Below is a set of records. Repeat them verbatim without the pictures.
=== SUPPLIED MATERIAL ===
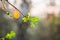 Close-up of young twig with green and yellow blooming maple buds. Nature is awakening and full of joy.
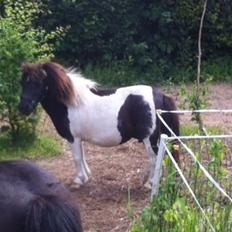 Anden særlig race Søby's Fie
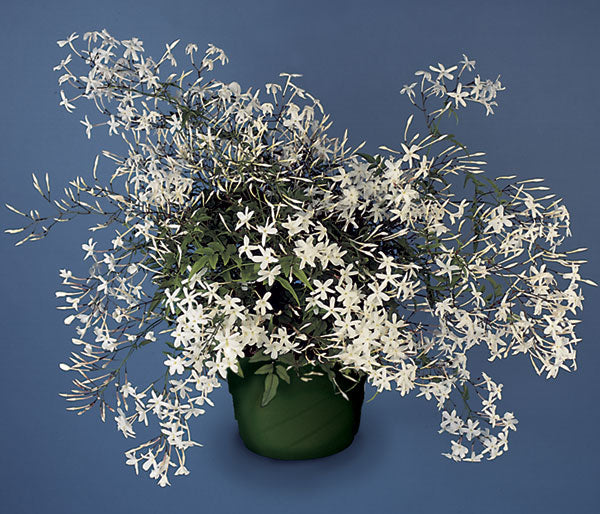 Winter Jasmine (Jasminum polyanthum)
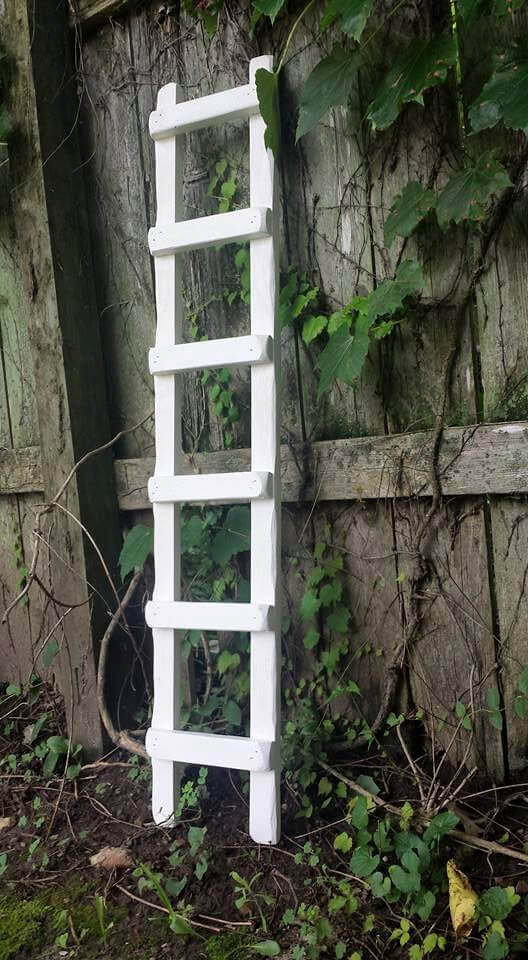 Traditional White Wooden Ladder Trellis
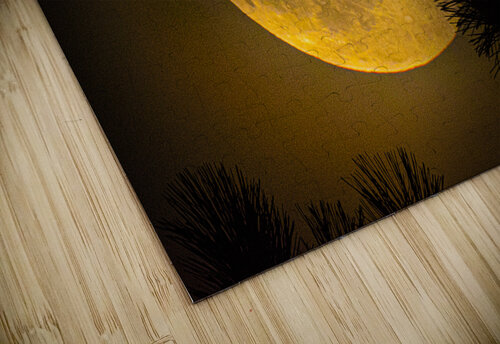 JBS 9574  James Shedden Photography puzzle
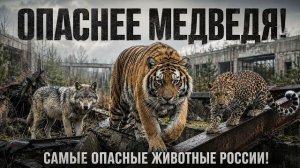 Они страшнее медведя! Самые НЕПРЕДСКАЗУЕМЫЕ животные России!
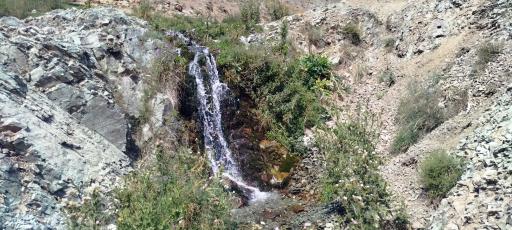 عکس آزادبر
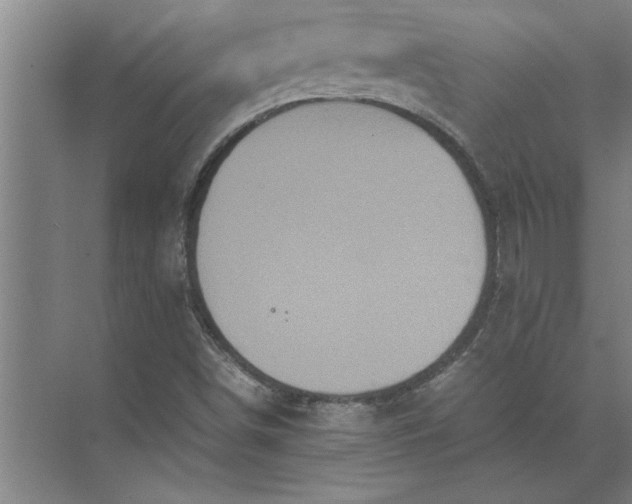 X0000072521498200607290144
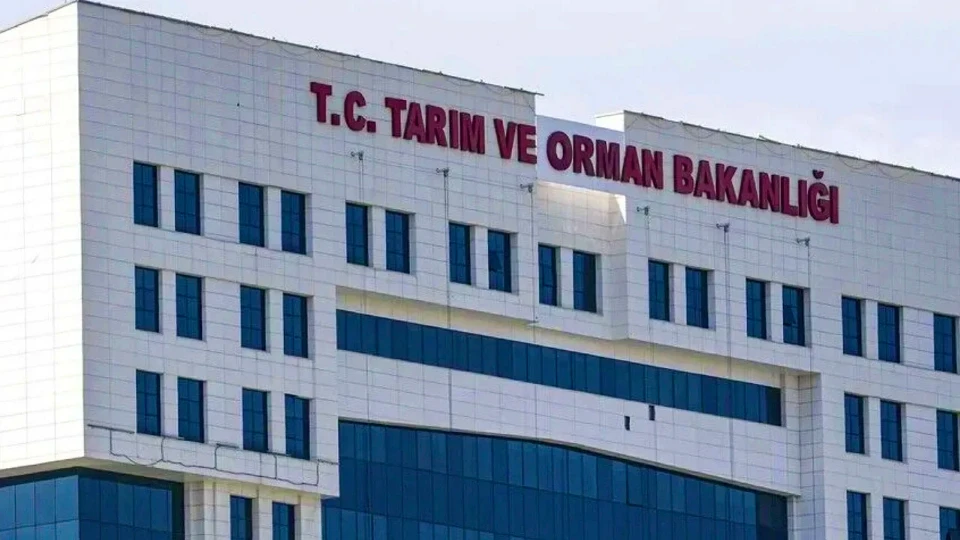 EFSA’nın genotoksisite riskini tamamen dışlayamaması üzerine 10 tütsü aroma vericisi
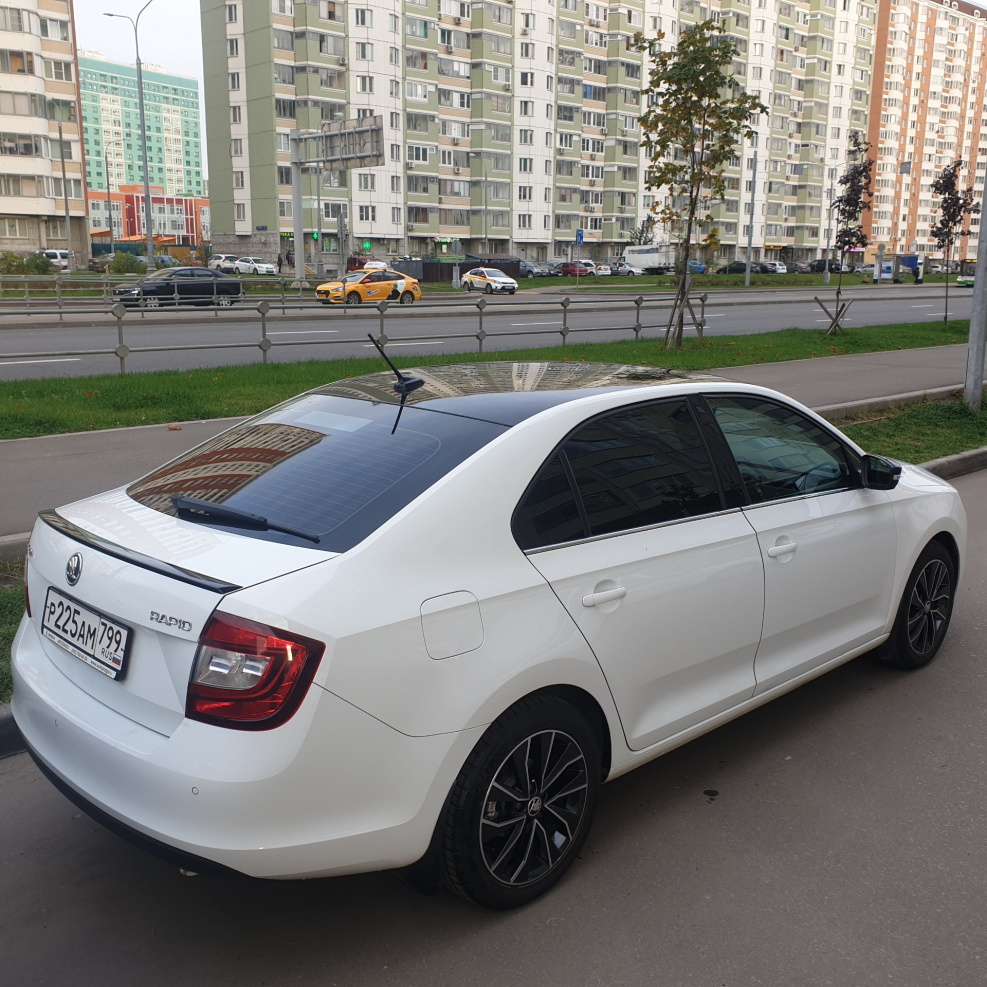 Rapid 2020 Black Edition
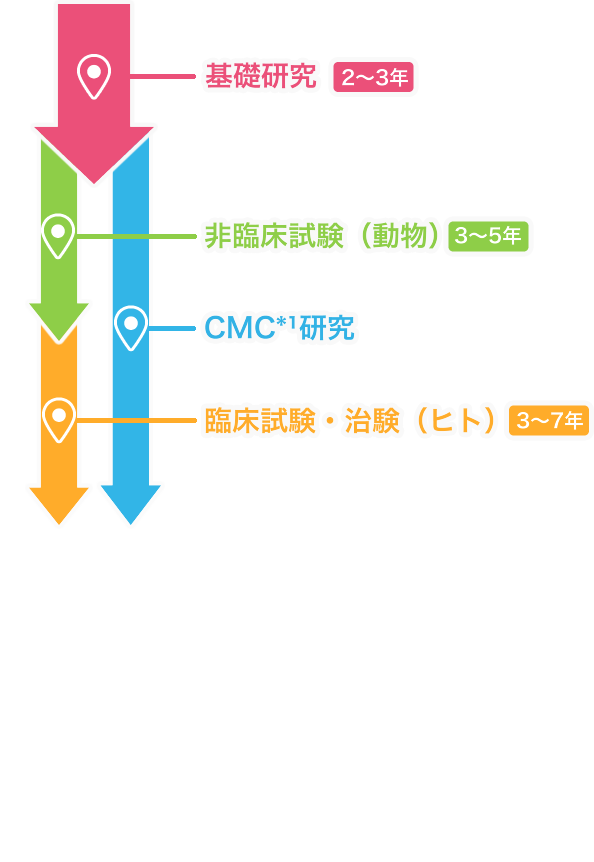 非臨床試験（動物）CMC*¹研究 臨床試験・治験（ヒト）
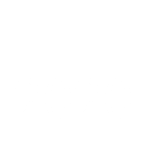  2020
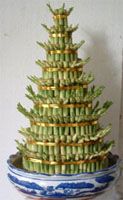 Lucky Bamboo 8 layers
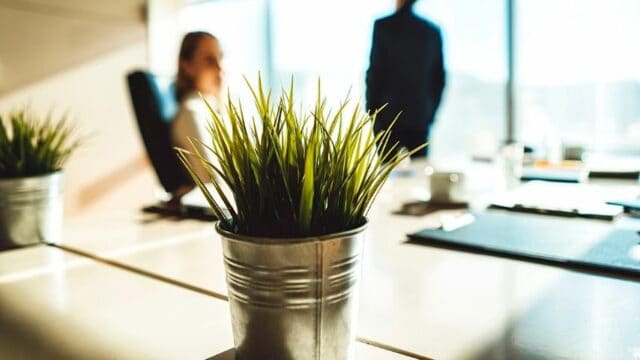 30 Best Plants for Office with Windows - Best Picks (2024)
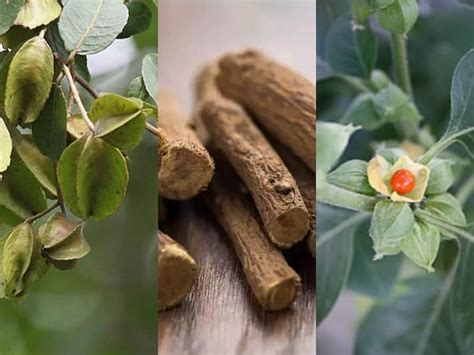 Ashwagandha Mulethi Arjuna Benefits अश्वगंधा मुलेठी अर्जुन की छाल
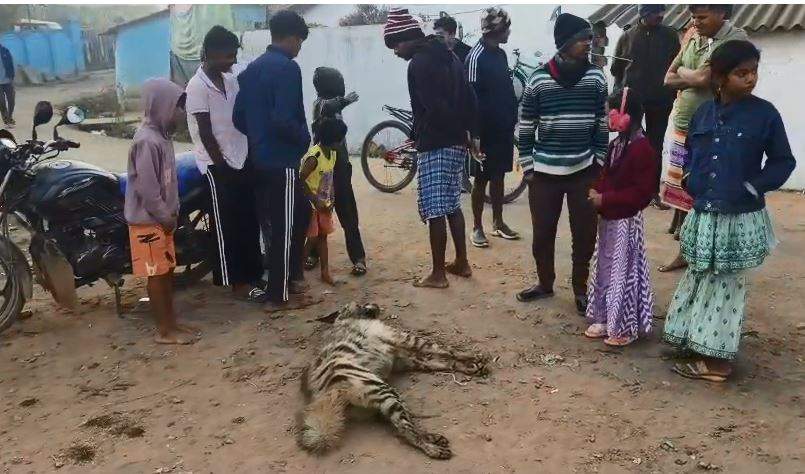 वाहन की ठोकर से लकड़बग्घा की मौत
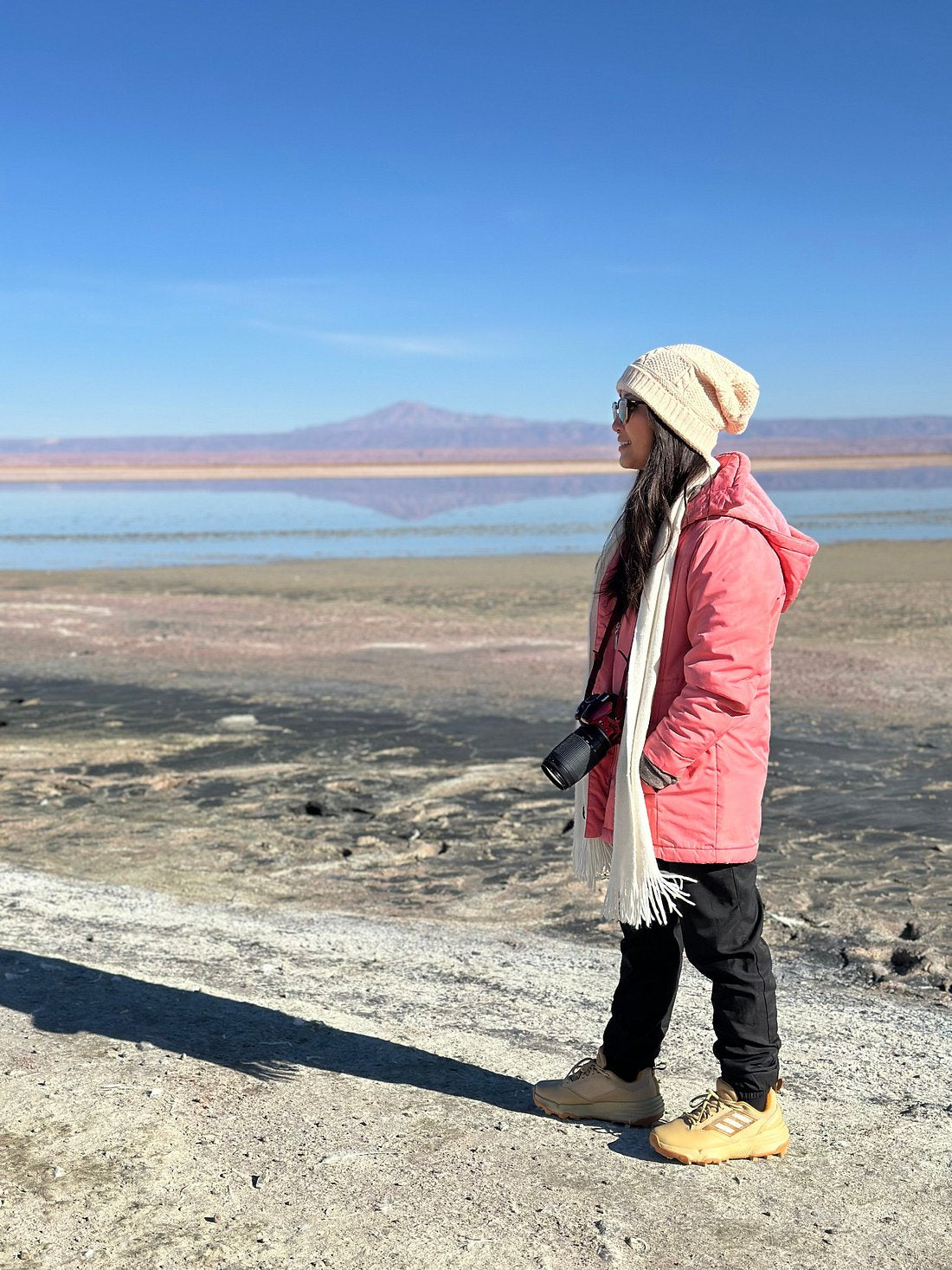 Full Day Piedras Rojas and Altiplanica Lagoons | San Pedro de Atacama 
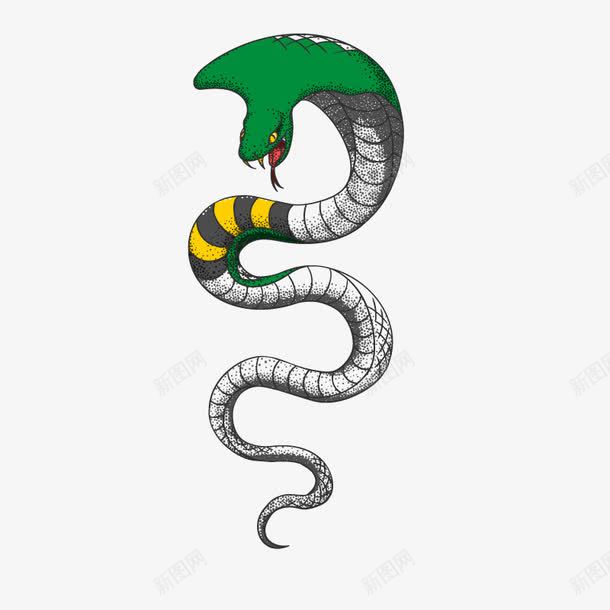 毒蛇png免抠素材_新图网 https://ixintu.com 动物 卡通动物 可怕 蛇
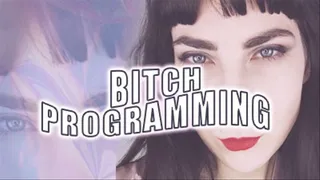 Bitch Programming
===
# [RESPONSE AREA]
 Close-up of young twig with green and yellow blooming maple buds. Nature is awakening and full of joy.
 Anden særlig race Søby's Fie
 Winter Jasmine (Jasminum polyanthum)
 Traditional White Wooden Ladder Trellis
 JBS 9574  James Shedden Photography puzzle
 Они страшнее медведя! Самые НЕПРЕДСКАЗУЕМЫЕ животные России!
 عکس آزادبر
 X0000072521498200607290144
 EFSA’nın genotoksisite riskini tamamen dışlayamaması üzerine 10 tütsü aroma vericisi
 Rapid 2020 Black Edition
 非臨床試験（動物）CMC*¹研究 臨床試験・治験（ヒト）
  2020
 Lucky Bamboo 8 layers
 30 Best Plants for Office with Windows - Best Picks (2024)
 Ashwagandha Mulethi Arjuna Benefits अश्वगंधा मुलेठी अर्जुन की छाल
 वाहन की ठोकर से लकड़बग्घा की मौत
 Full Day Piedras Rojas and Altiplanica Lagoons | San Pedro de Atacama 
 毒蛇png免抠素材_新图网 https://ixintu.com 动物 卡通动物 可怕 蛇
 Bitch Programming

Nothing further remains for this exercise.